=== ENTRIES PROVIDED ===

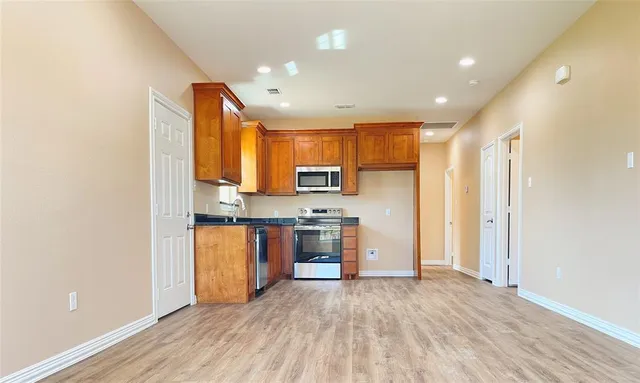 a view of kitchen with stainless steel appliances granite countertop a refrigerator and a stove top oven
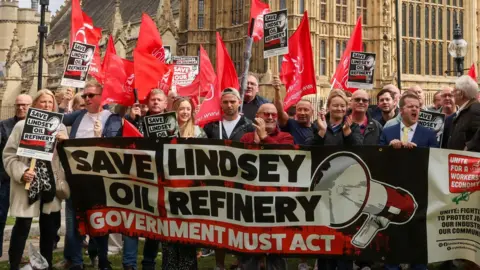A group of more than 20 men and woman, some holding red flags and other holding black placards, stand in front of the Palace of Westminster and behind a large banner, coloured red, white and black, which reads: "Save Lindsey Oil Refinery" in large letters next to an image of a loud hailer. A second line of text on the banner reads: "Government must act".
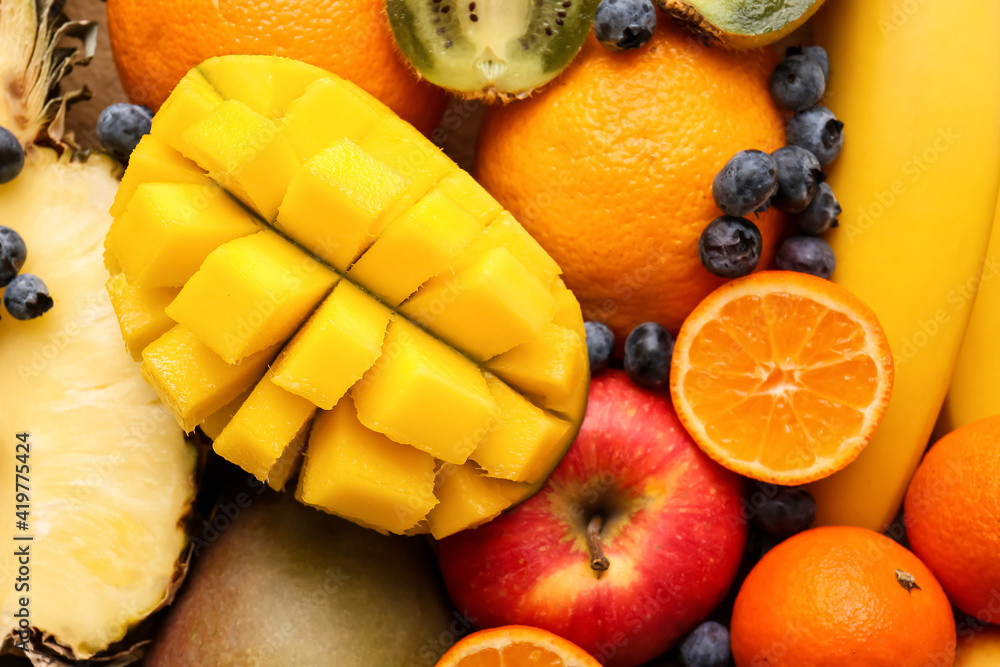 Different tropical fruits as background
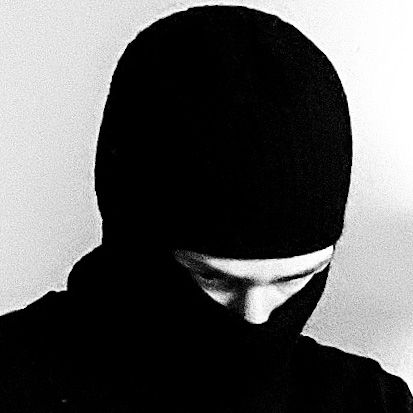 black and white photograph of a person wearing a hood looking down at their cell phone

===
=== ENTRIES PROVIDED ===

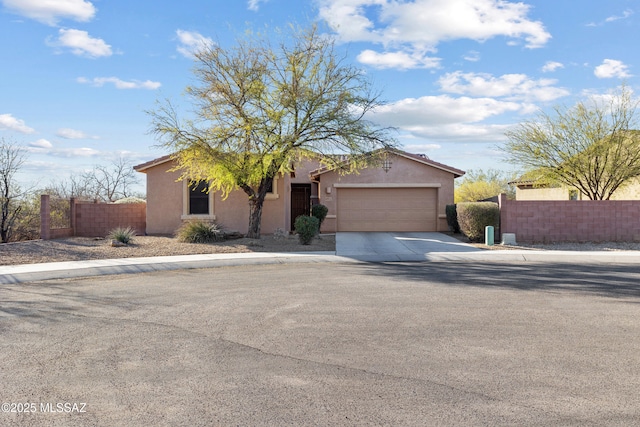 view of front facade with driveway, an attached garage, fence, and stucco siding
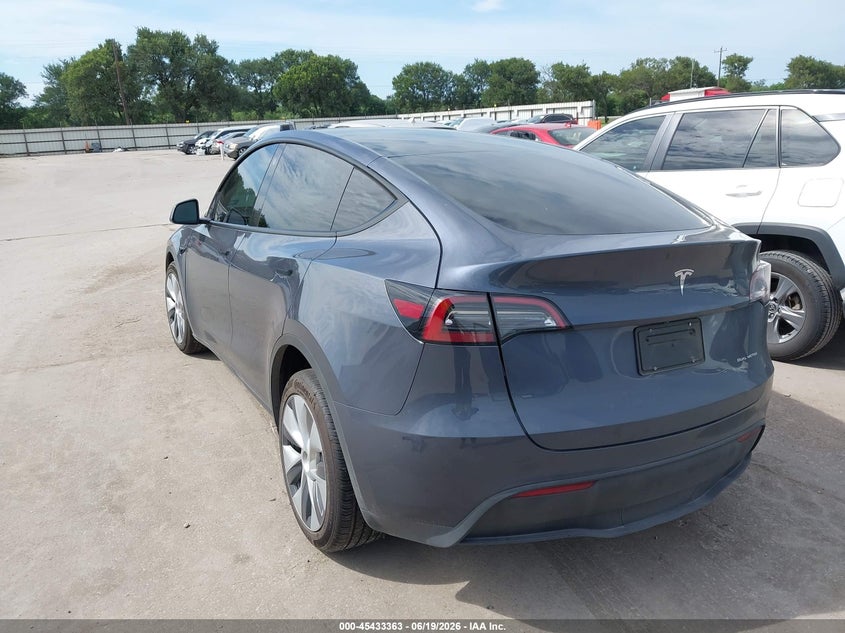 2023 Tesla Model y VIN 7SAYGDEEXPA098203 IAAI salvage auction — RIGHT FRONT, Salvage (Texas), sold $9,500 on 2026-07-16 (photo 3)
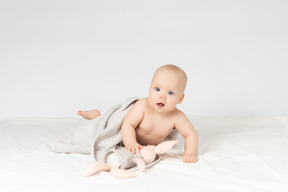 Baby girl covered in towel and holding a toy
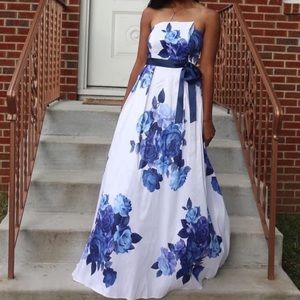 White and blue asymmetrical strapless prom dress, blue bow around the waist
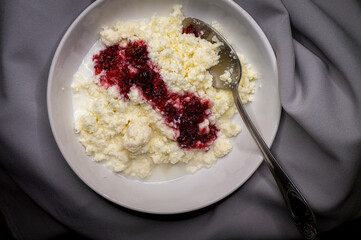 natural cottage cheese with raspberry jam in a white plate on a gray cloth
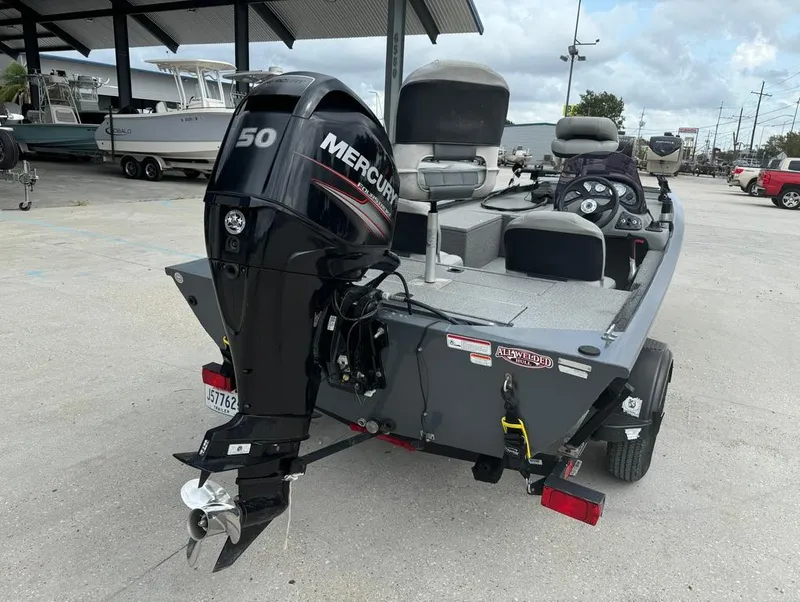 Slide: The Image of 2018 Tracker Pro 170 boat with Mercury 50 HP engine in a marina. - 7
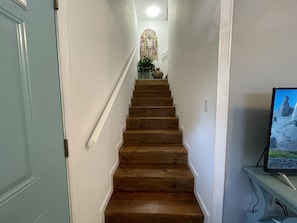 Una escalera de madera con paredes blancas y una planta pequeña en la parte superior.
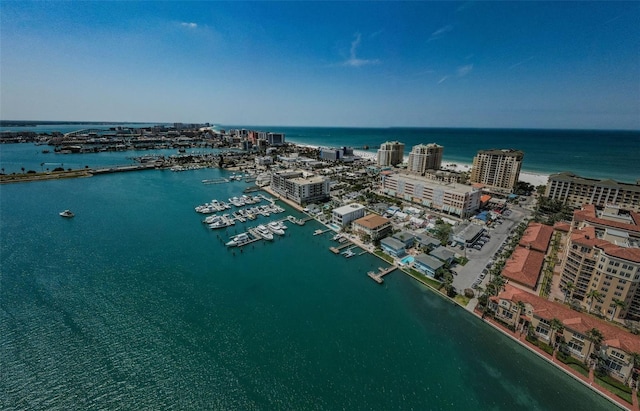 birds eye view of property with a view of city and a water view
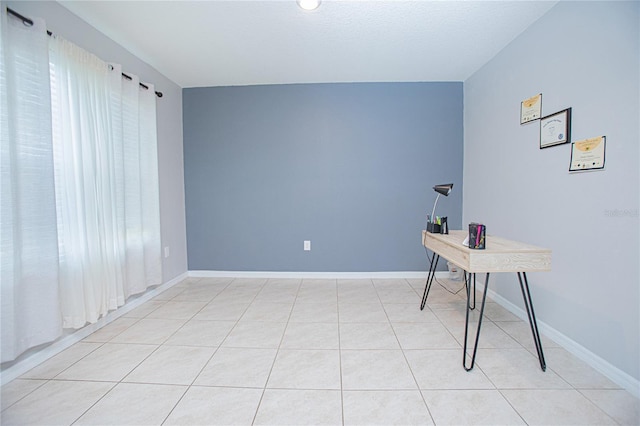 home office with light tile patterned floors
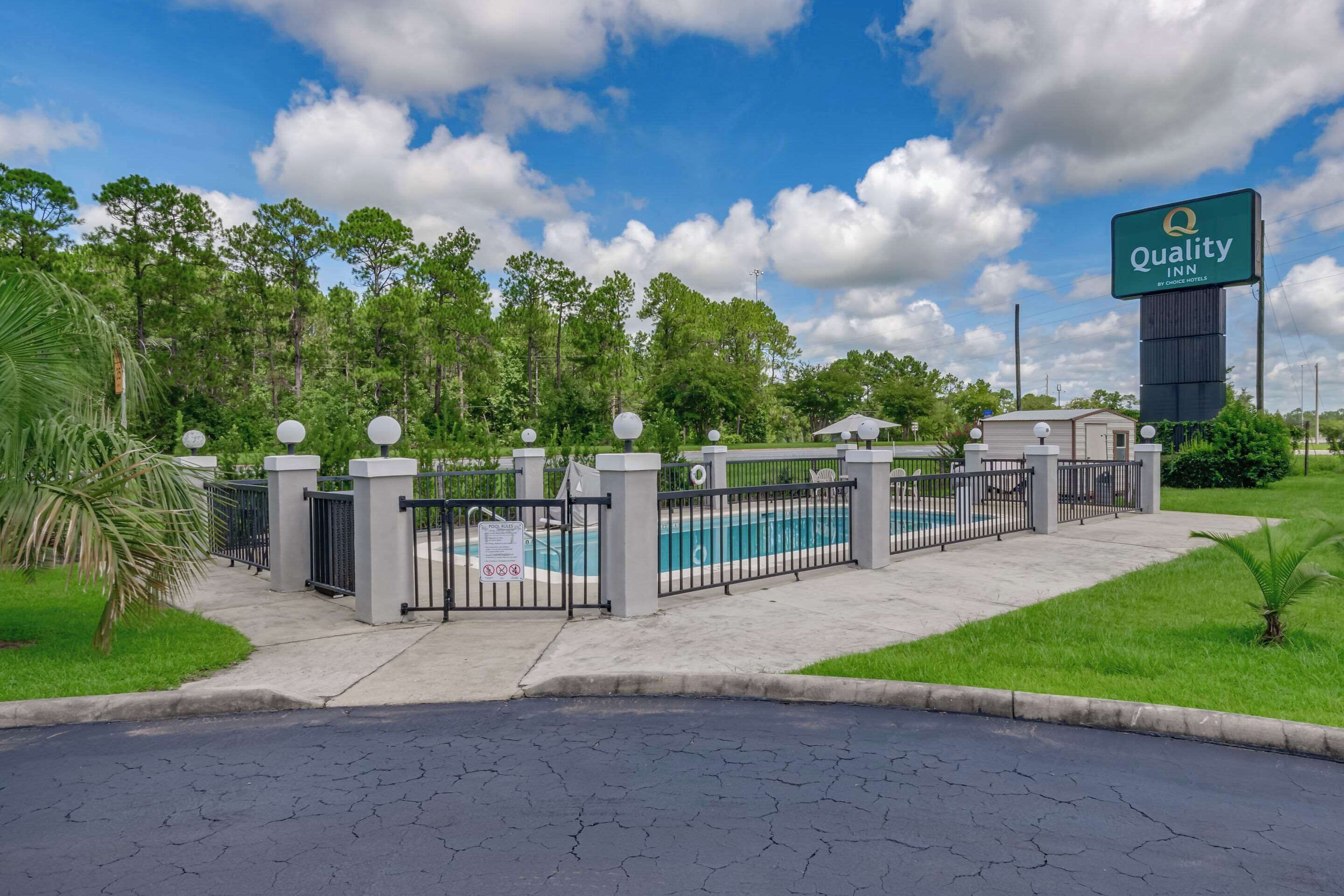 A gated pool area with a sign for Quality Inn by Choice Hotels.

===

● **WORK INSTRUCTIONS**: Using the records above, print exactly the lines between the ones containing "birds eye view" and "A gated pool", inclusive, and nothing else; no pictures.

● **EXERCISE OUTPUT**:
 birds eye view of property with a view of city and a water view
 home office with light tile patterned floors
 A gated pool area with a sign for Quality Inn by Choice Hotels.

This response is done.